┌────────

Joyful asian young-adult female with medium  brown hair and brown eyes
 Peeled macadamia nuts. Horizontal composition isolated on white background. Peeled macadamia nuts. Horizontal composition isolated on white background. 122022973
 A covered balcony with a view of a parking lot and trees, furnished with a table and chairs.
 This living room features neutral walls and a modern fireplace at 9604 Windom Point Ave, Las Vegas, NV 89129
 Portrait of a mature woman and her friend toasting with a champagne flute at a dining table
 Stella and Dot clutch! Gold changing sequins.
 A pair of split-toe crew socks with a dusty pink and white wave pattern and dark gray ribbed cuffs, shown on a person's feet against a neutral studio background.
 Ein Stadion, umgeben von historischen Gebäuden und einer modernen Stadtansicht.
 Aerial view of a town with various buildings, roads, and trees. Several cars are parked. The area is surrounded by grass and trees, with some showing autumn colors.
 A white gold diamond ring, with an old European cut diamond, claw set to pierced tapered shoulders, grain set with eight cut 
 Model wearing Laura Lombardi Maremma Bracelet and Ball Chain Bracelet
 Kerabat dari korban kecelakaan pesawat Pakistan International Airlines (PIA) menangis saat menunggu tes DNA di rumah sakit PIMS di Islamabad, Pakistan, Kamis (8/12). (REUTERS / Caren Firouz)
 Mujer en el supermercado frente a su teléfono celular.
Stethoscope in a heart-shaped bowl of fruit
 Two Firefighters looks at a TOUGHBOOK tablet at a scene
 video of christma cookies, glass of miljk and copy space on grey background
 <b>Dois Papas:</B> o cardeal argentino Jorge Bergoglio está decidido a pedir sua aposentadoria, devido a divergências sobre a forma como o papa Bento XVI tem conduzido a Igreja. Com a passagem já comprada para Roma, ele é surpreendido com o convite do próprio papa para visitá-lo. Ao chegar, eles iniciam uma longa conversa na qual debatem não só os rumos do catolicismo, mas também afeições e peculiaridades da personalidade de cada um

└────────

THE PROBLEM
Everything in the data above must be restated verbatim.

YOUR RESPONSE
Joyful asian young-adult female with medium  brown hair and brown eyes
 Peeled macadamia nuts. Horizontal composition isolated on white background. Peeled macadamia nuts. Horizontal composition isolated on white background. 122022973
 A covered balcony with a view of a parking lot and trees, furnished with a table and chairs.
 This living room features neutral walls and a modern fireplace at 9604 Windom Point Ave, Las Vegas, NV 89129
 Portrait of a mature woman and her friend toasting with a champagne flute at a dining table
 Stella and Dot clutch! Gold changing sequins.
 A pair of split-toe crew socks with a dusty pink and white wave pattern and dark gray ribbed cuffs, shown on a person's feet against a neutral studio background.
 Ein Stadion, umgeben von historischen Gebäuden und einer modernen Stadtansicht.
 Aerial view of a town with various buildings, roads, and trees. Several cars are parked. The area is surrounded by grass and trees, with some showing autumn colors.
 A white gold diamond ring, with an old European cut diamond, claw set to pierced tapered shoulders, grain set with eight cut 
 Model wearing Laura Lombardi Maremma Bracelet and Ball Chain Bracelet
 Kerabat dari korban kecelakaan pesawat Pakistan International Airlines (PIA) menangis saat menunggu tes DNA di rumah sakit PIMS di Islamabad, Pakistan, Kamis (8/12). (REUTERS / Caren Firouz)
 Mujer en el supermercado frente a su teléfono celular.
Stethoscope in a heart-shaped bowl of fruit
 Two Firefighters looks at a TOUGHBOOK tablet at a scene
 video of christma cookies, glass of miljk and copy space on grey background
 <b>Dois Papas:</B> o cardeal argentino Jorge Bergoglio está decidido a pedir sua aposentadoria, devido a divergências sobre a forma como o papa Bento XVI tem conduzido a Igreja. Com a passagem já comprada para Roma, ele é surpreendido com o convite do próprio papa para visitá-lo. Ao chegar, eles iniciam uma longa conversa na qual debatem não só os rumos do catolicismo, mas também afeições e peculiaridades da personalidade de cada um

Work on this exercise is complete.